No unit may enter Switzerland or the Himalayas. The body of water in the center of the map is the Caspian Sea and is intentionally left unlabelled and cannot be entered. No unit may enter the zone marked "Impassable" north of Russia. Fleets may move along the coast of Omsk as they did have icebreakers back then. Some subvariants disallow this. If specifically disallowed by mutual consent of the players or by decree of the game's master you should not order fleets to Omsk. The adjudicator will permit such a move, however.

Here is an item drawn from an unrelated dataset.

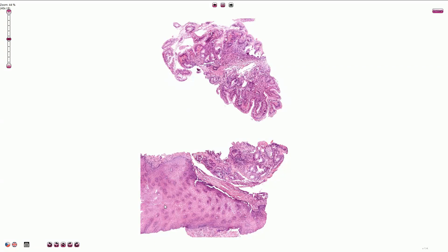Barrett's esophagus is a term used to describe the metaplasia of the distal squamous mucosa of the esophagus into specialized intestinalized columnar epithelium with goblet cells. It is commonly associated with chronic gastroesophageal reflux disease.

Surrounding the edge of the map are "off-board" boxes. Various maps differ in how they are identified. The adjudicator refers to the box in the North Atlantic as "Offboard A", the Mid-Atlantic as "Offboard B", etc. counterclockwise to "Offboard L"< in the North Pacific. The off-board boxes allow a circular map to be represented on a flat sheet of paper. There are several interpretations on how movement between the off-board areas is intended to work. This adjudicator interprets them based mainly on Jon Monsarrat's description:
1) Any unit in a land or sea area that contains an off-board box may move into the box as though moving to a normal sea area or province. Any unit in an off-board box may move into the sea area or province which contains the off-board box. Example: English F NAt -> ObA Japan F ObK -> SPO
Off-board box C is contained within the South Atlantic. This is indicated by an arrow since there is not enough room in that space for the box.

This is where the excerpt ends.